Issue Briefs


What should a physician look for in a managed care agreement concerning the health insurer’s ability to change key aspects of the agreement while the agreement is in force?

  • Does the agreement require the health insurer to tell you in advance that it will be changing important contractual obligations that you or it may have?
  • If so, what kind of changes does it have to tell you about? For example, will the insurer be obligated to tell you about changes that may decrease your payment rates?
  • How will you be notified? For example, will the insurer give you conspicuous written notice, or can it provide notice by posting the proposed change on a website?
  • If you object, can you stop the health insurer from making the change? If not, can you get out of the agreement before the insurer implements the change?

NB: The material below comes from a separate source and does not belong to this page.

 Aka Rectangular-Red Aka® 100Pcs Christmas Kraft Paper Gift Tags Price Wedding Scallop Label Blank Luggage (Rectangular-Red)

II. Unilateral amendment and notice

A managed care agreement is likely to let the health insurer amend the contract or other key  documents e.g., policies and procedures, that nevertheless define the insurer’s and your contractual obligations. For example, the contract will probably let the insurer unilaterally change fee schedules, products in which you are required to participate, multiple procedure reduction logic, coding edits, modifier use, administrative procedures (e.g., preauthorization, eligibility verification, referral requirements), and provider manuals even after you have signed the contract. Such changes may negatively impact your practice, for example, reducing reimbursement or increasing administrative obligations. Even if the agreement requires advance notice, it may not obligate the insurer to give you conspicuous written notice. The insurer might, for example, be able to provide the requisite notice on a  website. If you are not regularly monitoring the website, the change may go into effect without you knowing.

III. State approaches/compliance

State legislatures have recognized the problems that physicians face when health insurers are able to unilaterally amend managed care agreements. Accordingly, some states require health insurers to notify physicians in advance before making changes. Of these states, most require advance notice only when a proposed amendment is a material change. If a physician objects to the proposed amendment, some states let the physician to get out of the contract before the change becomes effective. Depending on the nature of the change, a state may allow the objecting physician to stay in the managed care agreement and prevent the health insurer from putting the change into effect. State laws addressing health insurer amendment issues are identified in the Managed Care Contract Legal Database under the category “Amendments.”